In situ oxygen-atom erosion study of polyhedral oligomeric silsesquioxane-siloxane copolymer

The surface of a polyhedral oligomeric silsesquioxane-siloxane copolymer film has been characterized in situ by using x-ray photoelectron spectroscopy before and after exposore to incremental fluences of oxygen atoms produced by a hyperthermal oxygen atom source. The data indicate that the atomic oxygen initially attacks the cyclohexyl groups that surround the polyhedral oligomeric silsesquioxane cage, resulting in the formation and desorption of CO2 from the surface. The carbon concentration in the near-surface region is reduced from 65.0 at% for the as-entered surface to 16.3 at% following 63 h of O-atom exposure at a flux of 2 x 10(13) O atoms/cm(2) s. The oxygen and silicon concentrations are increased with incremental exposures to the O-atom flux, but the rates of increase slow with increased exposure.

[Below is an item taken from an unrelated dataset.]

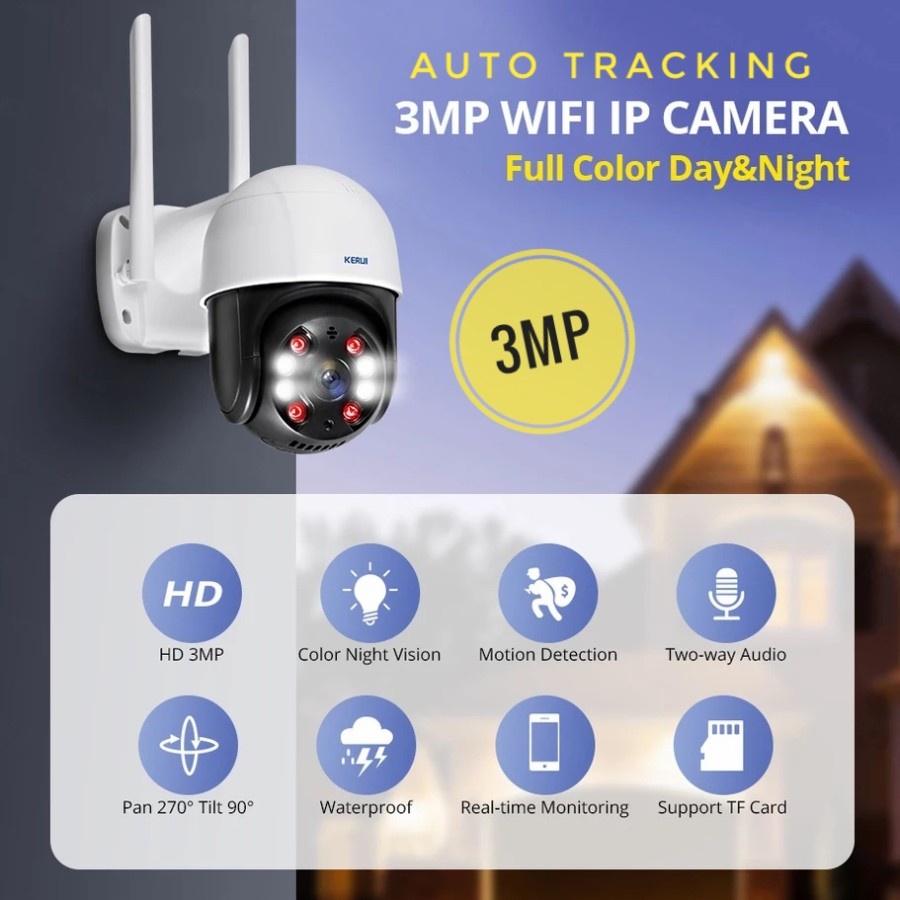 KAMERA CCTV OUTDOOR SAMBUNG WIFI WATERPROOF IP CAMERA WIRELESS PENGINTAI JARAK JAUH INDOR SAMBUNG KE HP JS177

The oxygen concentration increases from 18.5 at% for the as-entered sample to 55.7 at% following the 63-h exposure, and the silicon concentration increases from 16.6 to 28.0 at%. The data reveal the formation of a silica layer on the surface, which serves as a protective barrier preventing further degradation of the underlying polymer with increased exposure to the O-atom Bur.